# Low Inductance Motor



## ken will (Dec 19, 2009)

Have you tried using extra long cables from the controller to the motor and wrapping each of them in a loop to add inductance?


----------



## Tesseract (Sep 27, 2008)

PZigouras said:


> An older fella in my EV group has a low inductance 9-inch DC motor on in fairly heavy car. Pack voltage is 192.
> 
> We tried three different 1000-amp IGBT-based controllers on it so far, and none seem to want to move it. It appears that the desaturation detection kicks in almost right away on every controller. We also tried a Kelly controller, but that just caught fire.
> 
> I can't get a really good reading on my inductance meter, but the motor seems to be between 4.3 and 5.1 uH. Is there any way to drive this on a 4000-pound car? Does anyone know if an older SCR-based controller may do the trick?

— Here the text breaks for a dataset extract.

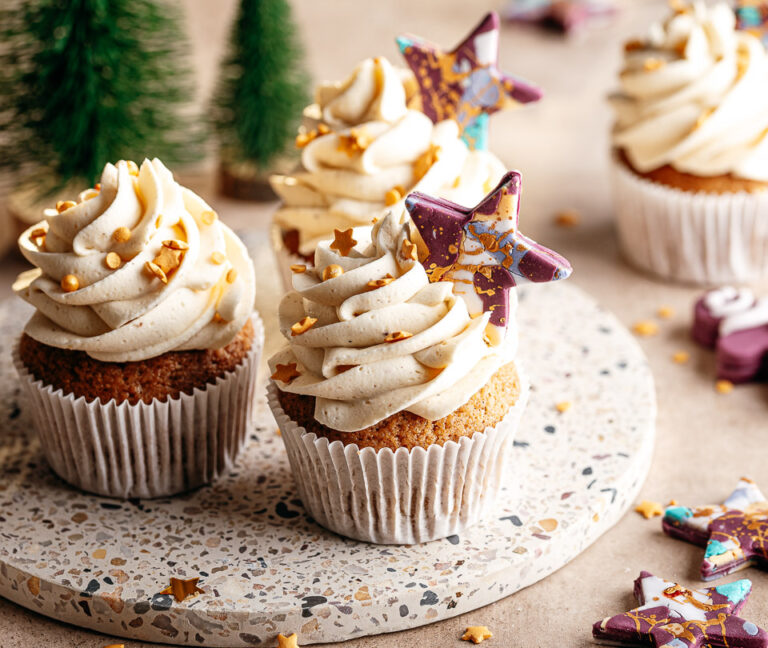 Gingerbread cupcakes 1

Plug these numbers into the standard inductor equation rearranged to calculate change in current and it doesn't make sense that a modern 1000A IGBT controller would fault off with a desaturation error in any reasonable amount of minimum on time. To wit:

dI = V * (dt / L)

where V is 192V, dt (i.e. - on time) is, say, 10us, and L is 5uH then current will ramp up to 384A. 

Thyristor/SCR controllers tend to operate at much lower switching frequency because they have much longer minimum on (and commutation/off) times, so that won't help you.

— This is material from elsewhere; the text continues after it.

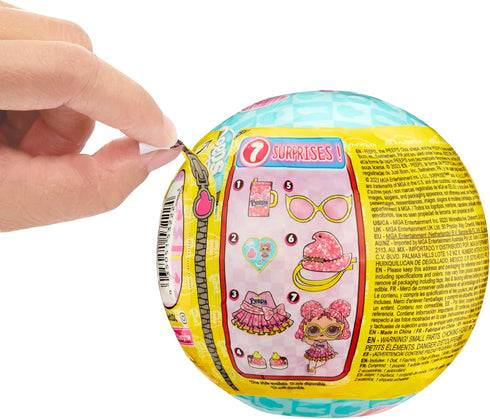 LOL Surprise Loves Mini Sweets - Peeps Fluff Chick with Collectible Doll, 7 Surprises, Spring Easter Theme, Peeps Limited Edition Small Doll - Gre...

That said, it is much more likely that the reason the controllers are desaturating is because of a turn-to-turn short in one (or more) of the field coils. Ie - the motor is damaged.

Finally, most LCR meters give nonsensical or too-low readings when trying to measure the inductance of a motor. The way I like to do it is by measuring the peak to peak ripple current through the motor vs. the on time of the IGBT vs. the applied voltage, with the motor shaft stalled. Our esteemed motor guru, major, frequently suggests applying a low 60Hz AC voltage across the motor in series with a known resistance and then using the output of the divider thus formed to determine the reactance of the motor (and therefore its inductance).


----------



## PZigouras (Jun 5, 2010)

Tesseract said:


> That said, it is much more likely that the reason the controllers are desaturating is because of a turn-to-turn short in one (or more) of the field coils. Ie - the motor is damaged.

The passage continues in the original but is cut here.